Building Trustworthy Machine Learning Models
- Author(s): Liu, Xuanqing
- Advisor(s): Hsieh, Cho-Jui
- et al.
How and when can we depend on machine learning systems to make decisions for human-being? This is probably the question everybody may (and should) ask before deploying machine learning models in their own fields. Failure to do so can suffer from unexpected consequences: the text recognition systems in the mail distribution center may send the package to the wrong addresses; the self-driving cars may recognize a stop sign as a speed sign; or even worse, the AI-based medical imaging system may mislead the doctors into wrong diagnostics. We attribute a trustworthy machine learning model to three properties: robustness, interpretation, and precise uncertainty estimation. Robustness concerns how the model withstands unexpected inputs, also called out-of-distribution (OOD) data. Depending on whether the data is maneuvered in purpose, the OOD data comprises adversarial examples or unadversarial examples. Interpretation is a set of algorithms that uncover the black-box model inference process, trying to help humans understand why or why not the model generates the desired results. Finally, we seek the uncertainty estimation tools to locate the ground-truth value relative to the estimated value. It also protects the model users by holding the machine predictions for human inspections once the uncertainties raise above some threshold.

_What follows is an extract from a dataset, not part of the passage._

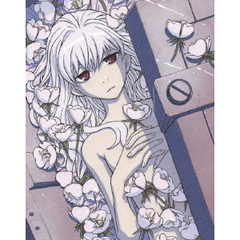 DARKER THAN BLACK －流星の双子－ 4（Ｂｌｕ－ｒａｙ）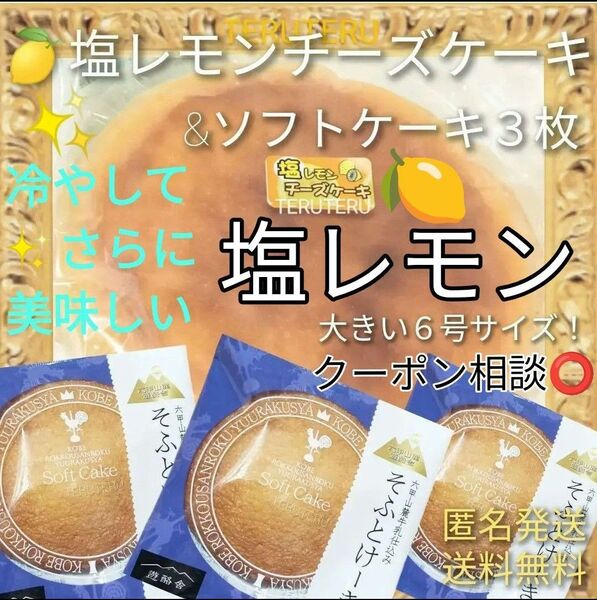 工場直売 品 クーポン◎アウトレット◯塩レモンチーズケーキ 6号1個 大きいサイズ◯そふとけーき3枚◯大阪前田製菓☆訳ありケーキ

In this thesis, I will walk through robustness, interpretation, and uncertainty estimation in three parts. In the first part, I will introduce the backgrounds of robust machine learning models with an example in graph-based semi-supervised learning, followed by a series of methods to train robust neural networks. In the next part, we will move to model interpretation tools, we relate this part to the previous part by discussing our work called Greedy-AS. In the final part, I will discuss my works on robust uncertainty estimation and confidence calibration, this part contains the algorithms, software packages, as well as a demo on how uncertainty estimation helps biological scientists to do quality control of stem cells more efficiently.